═════ PROVIDED DATA
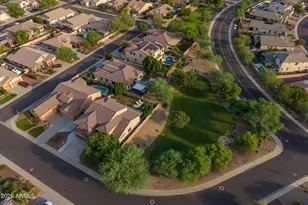 9185 W Pinnacle Vista Dr, Peoria, AZ 85383 - Photo 6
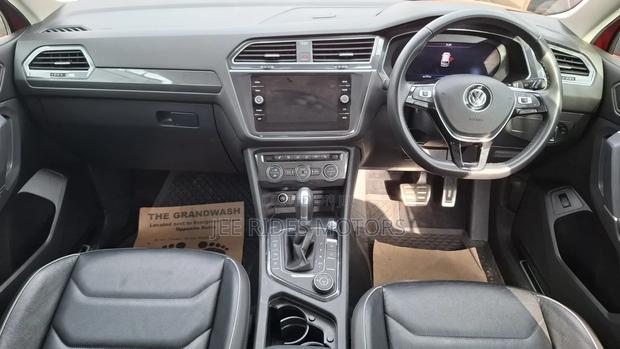 Volkswagen Tiguan 2.0T S FWD 2020 Red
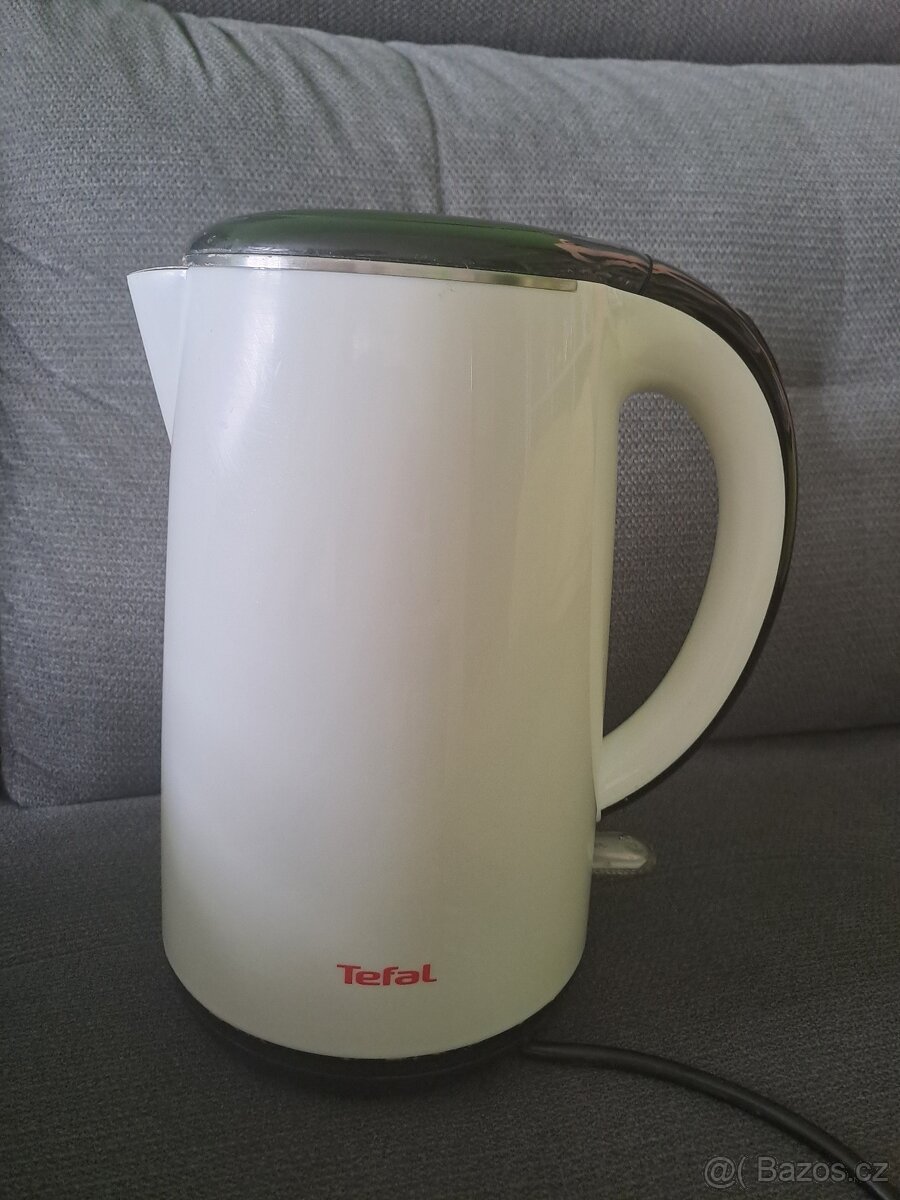 Rychlovarná konvice TEFAL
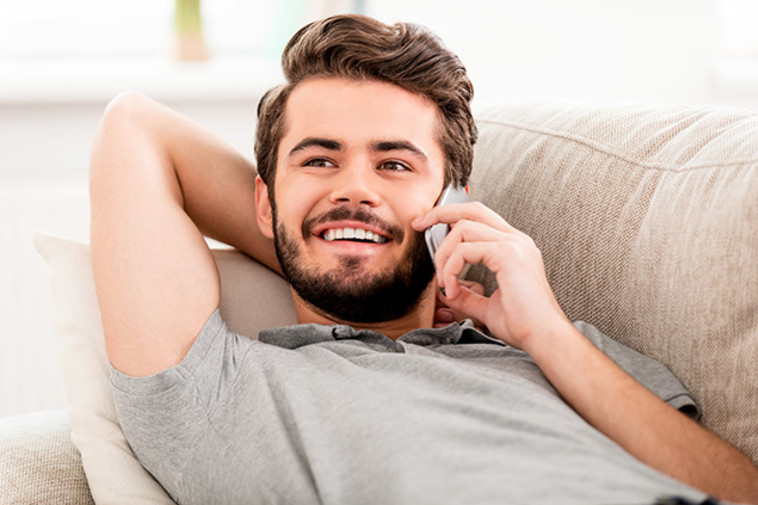לדבר אנגלית מהספה. צילום: Istockimage לדבר אנגלית מהספה. צילום: Istockimage
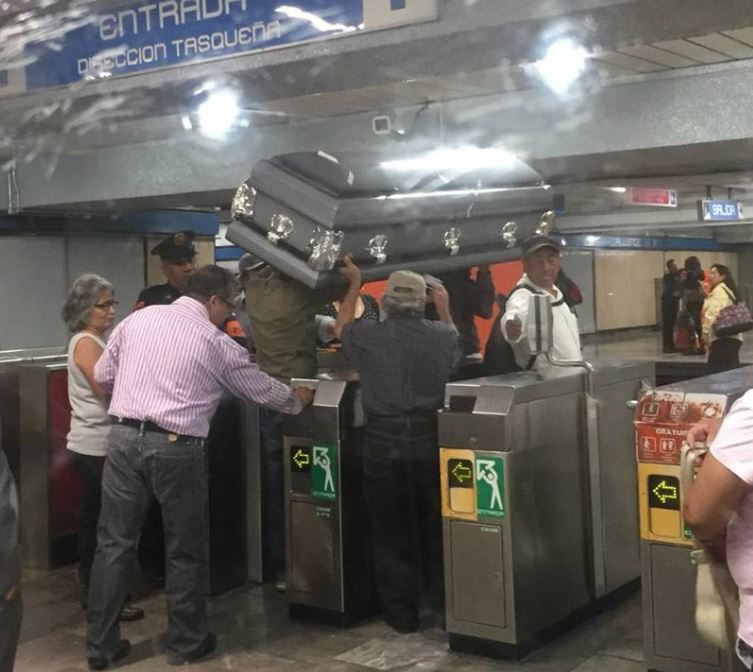 Impacto en redes sociales por ataúd en el Metro de México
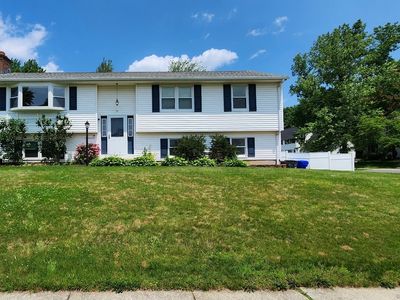 35 Montano Road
══════════
# [WHAT THE TASK REQUIRES]
Each entry above should be restated word for word, though no picture may appear in the copy.

# [RESPONSE]
 9185 W Pinnacle Vista Dr, Peoria, AZ 85383 - Photo 6
 Volkswagen Tiguan 2.0T S FWD 2020 Red
 Rychlovarná konvice TEFAL
לדבר אנגלית מהספה. צילום: Istockimage לדבר אנגלית מהספה. צילום: Istockimage
 Impacto en redes sociales por ataúd en el Metro de México
 35 Montano Road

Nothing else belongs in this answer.